**Task item:**
Below is a listing. Write out exactly its lines between the one holding "Robe Longue Eliane" and the one holding "Деревянная доска для", inclusive.

**Data extracts:**
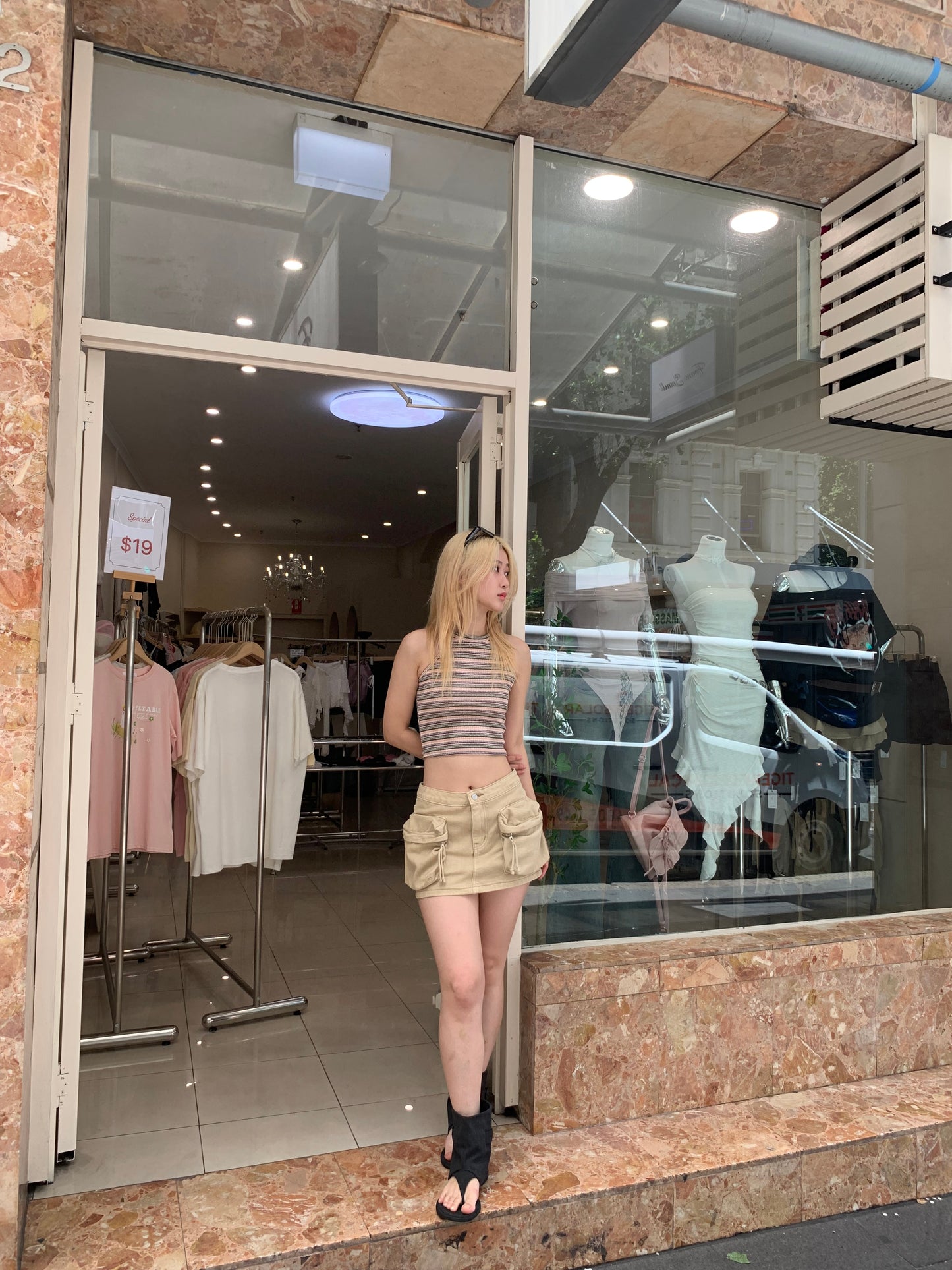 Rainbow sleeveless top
--
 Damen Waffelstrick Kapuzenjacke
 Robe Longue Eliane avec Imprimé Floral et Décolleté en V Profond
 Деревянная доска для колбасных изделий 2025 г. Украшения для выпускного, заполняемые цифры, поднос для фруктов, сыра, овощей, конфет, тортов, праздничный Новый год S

**Reply:**
 Robe Longue Eliane avec Imprimé Floral et Décolleté en V Profond
 Деревянная доска для колбасных изделий 2025 г. Украшения для выпускного, заполняемые цифры, поднос для фруктов, сыра, овощей, конфет, тортов, праздничный Новый год S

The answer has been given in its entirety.